Da Tang Fu Rong Yuan is a Chinese television series based on a novel by Nangong Bo (南宫博) about the romance between Emperor Xuanzong of the Tang dynasty and his consort Yang Yuhuan. The series was directed by Zhou Xiaowen and starred Fan Bingbing and Winston Chao. It was first broadcast on CCTV-8 in mainland China in 2007.

Plot
This story is set during the Tang Dynasty, during the late reign of Emperor Xuanzong of Tang. A young girl named Yang Yuhuan fell in love with Peng Bo with the help of her best friend, Xie A'man. Due to unfortunate circumstances, Yang Yuhuan is chosen as the wife of Li Mao, the Prince of Shou. Even after her marriage, she communicated with Peng Bo through Xie A'man. The Prince of Shou is a kind and gentle man, and Yang Yuhuan eventually develops feelings for him.

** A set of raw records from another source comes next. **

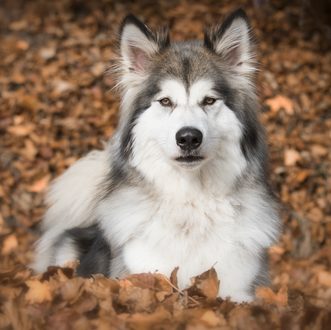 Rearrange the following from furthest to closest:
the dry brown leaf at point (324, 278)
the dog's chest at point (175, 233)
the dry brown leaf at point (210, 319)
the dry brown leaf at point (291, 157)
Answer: the dry brown leaf at point (291, 157) < the dry brown leaf at point (324, 278) < the dog's chest at point (175, 233) < the dry brown leaf at point (210, 319)

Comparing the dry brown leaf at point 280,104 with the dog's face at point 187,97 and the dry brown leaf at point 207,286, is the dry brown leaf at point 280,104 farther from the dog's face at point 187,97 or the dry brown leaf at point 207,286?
the dry brown leaf at point 207,286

The Prince of Shou's mother Consort Wu soon succumbs to illness. His father, Emperor Xuanzong is greatly saddened since Consort Wu Huifei was his favorite consort.
Emperor Xuanzong's servant, Gao Lishi soon seeks to find a replacement for Consort Wu. At a banquet, Emperor Xuanzong notices the beauty of his daughter-in-law, Yang Yuhuan. He falls in love with her, and sensing this, Gao Lishi soon offers Yang Yuhuan as a consort to Emperor Xuanzong.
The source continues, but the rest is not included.